Originally Posted by KJSmitty
This is something I really don't agree with, or better yet don't understand. Does Audyssey, YPAO and or Pio configuration programs all say regardless of what it comes up with set speakers to small and a specific crossover - IE basically ignore what the program is/are sensing/reading? One would come to the conclusion that with all the advancements and refinements within these configuration programs if you were meant to set speakers to small regardless, it would recognize the sub and just default to all speakers being set to small... This is honestly a question I have had..?

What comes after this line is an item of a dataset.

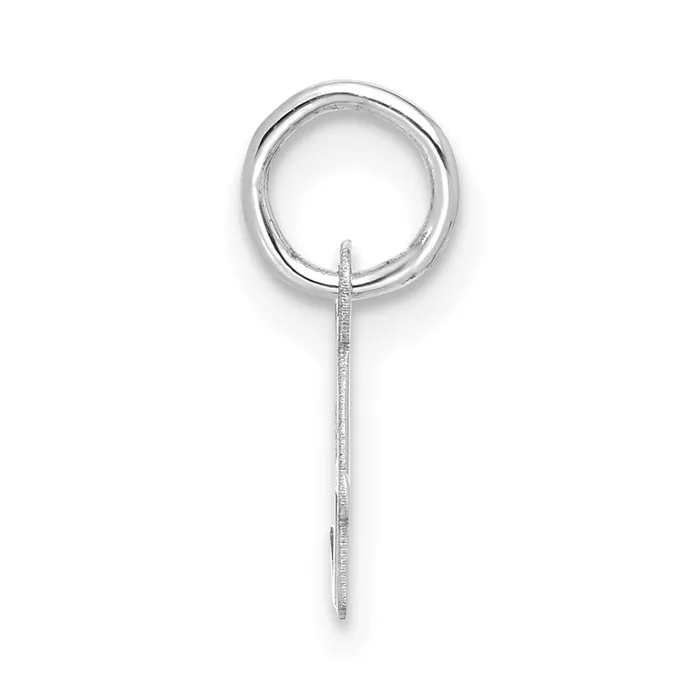 TreasureFineJewelers Charm Necklaces 10k White Gold Small Script Initial A Charm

"Headroom" is one thing but most don't listen that loud to worry about it. The reason I bring this up is I just recently added two DIY Rythmik 1510 kits to my HT. Basically two beefed up F15HPs. My mains and surrounds are all identical large powered towers that YPAO sets to large and 40Hz. Prior to having the subs I ran all four of the large drivers as independent subs via RCA and set the towers as Small and 60Hz. Basically would perform a 5 or so position YPAO run and then tweak the "size" and crossovers etc. With the towers now speaker wire only and the sub-out RCA runs going to the Rythmiks, I let YPAO do its thing as well as experimented and played around with my own ideas - meter and all.... The best overall soundstage came from the 100% YPAO config - of which had the four towers set to "large" and 40Hz. I would not have thought this would be the case yet came to the same conclussion as JT78681 above - I'm just going to leave it as configured by YPAO and listen for a bit...
The only risk of setting the front speakers to large is how AVR handles the low frequency signals on FL/FR. If they do redirect it to sub channel, that is a correct implementation. However, some earlier AVRs (like Denon) has a mode that the same signal of FL/FR is duplicated also in the subwoofer channel. As you can imagine, this is very much a CYA (cover your..) method for lesser quality sound system. Maybe YPAO or Audyssey can do a smarter thing that they actually know how to use the natural roll-off of front speakers as a crossover point and only send the signals below the roll-off points of LARGE front speakers to subwoofers. But this type of setting crossover point is very problematic because speaker designers do not use in room response (in order to do know the phase relation between two drivers) to do their crossover design. They use close-mic or pseudo anechoic response to do that. In room response is not reliable for phase information.
Of course this definition of LARGE has been altered by each manufacturers to mean different things. I am a strong proponent of using 80hz as crossover point because the phase shift of the front speakers is low at 80hz and also relatively flat down to 80hz. The distance reported back from the YPAO or Audyssey is a good sanity check to see if the measurement is good (not noise ridden). Now when these programs use the natural roll-off points as the crossover point, it needs to recongize if the front speakers are ported or sealed (4th order roll-off vs 2nd order roll-off) meaning a 180 degrees vs 90 degrees phase shift. There is no feedback from Audyssey to tell the user if it has recognized the front speakers as ported or sealed.
Another reason to set crossover higher than the natural roll-off point is most front speakers have higher Q response (sealed and ported are alike although ported is particular more so) which is necessary to make front speakers to sound "LARGE" when playing them as full range speakers. But that is a undesirable design trade-off. And the simple solution to this problem is set the crossover point higher to filter out this undesirable characteristic. I still remember my early prototype demo to a consultant came to my house and listened to my Harbeth LS3/5A and DirectServo combination. I gave him without subwoofer (but LS3/5A full range) and with subwoofer (LS3/5A filtered at 80hz). I was just playing "Jazz at the Pawnshop" and after he listened to the subwoofer ON, he immediately told me "you changed the frequency response" of LS 3/5A. I explained him I need to do that because I cannot stand the "cardboard" type of midbass coming from LS 3/5A (all because it has a high Q roll-off). With the subwoofer and set crossover high, I killed two birds with one stone. So instead of saying "you change the frequency response of LS 3/5A", he should have said "you correct the problem of LS3/5A".